1. Tempting but Not the LPS: typically these kinds of patterns are:
   a. material properties [changes in how the surface burns from sample to sample and test to test]
   b. mechanical tolerances [dynamic changes in motion. I have always been amazed how mechanical problems can seem to come and go]
   c. combinations of a&b
   I have never seen and can’t think of the mechanism for a LPS to all by itself create such a pattern especially at those low frequencies.

This will be a PIA but perhaps will provide new clues.
I would try to lock in on a very simple pattern to test with.
I like using horizontal and vertical line patterns that increase in frequency:
One dot on one dot off
Two dots on two dot off
Three dots on three dots off
etc…

Using it I would:

• Image on a very stable material like acrylic.
• Cross section and then polish the edge of the material so you can see the pattern clearly on the surface and also in penetration.
• See if that pattern and its cross section provides clues.

Then run a series of tests to isolate x and y and various speeds and powers.

I will study the above thread and see if I can be helpful.

And the plot thickens… I moved back to my K40 for the first time in a little over a week, and the pattern is now showing up over here. This pattern hasn’t shown up on this machine, ever. I unplugged every appliance, computer, monitor, laptop, Arduino, Pi, 3D printer, anything that was on the same breaker as the K40, and the same thing was happening.

image4032×3024 3.25 MB

I made a pretty bold claim a while ago over on the lightburn forums, the issue I was having with offset cuts from engravings kind of just “went away”. Now, I am really starting to think Lightburn has some config file issues or something funky going on. Maybe it is my outdated version of Lightburn, I’m not sure, but I don’t really want to pay $30 to find out.

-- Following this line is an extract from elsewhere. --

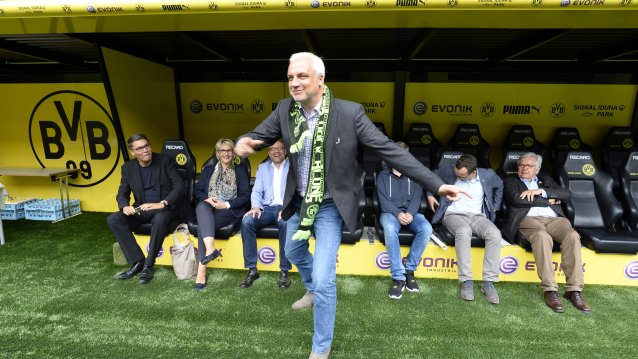 Minister Duin steht vor der Trainerbank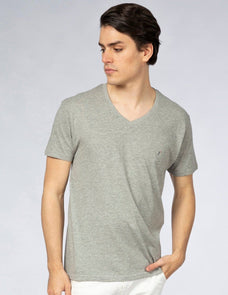 Playera Hombre Cuello en V AIR V NECK Gris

I’ve loaded Laser Web to see if I am having the same issues with its gcode. Some strange issues are occurring. The origin in Laser Web does not match with my origin on the K40, and the work offsets that I had setup for lightburn don’t really seem to apply to Laser Web. I have gone over the Initial configuration and machine settings on the Laser Web site a few times and nothing is really jumping out at me.

The error Laser Web is throwing is this:

ALARM: 2 - G-code motion target exceeds machine travel. Machine position safely retained. Alarm may be unlocked.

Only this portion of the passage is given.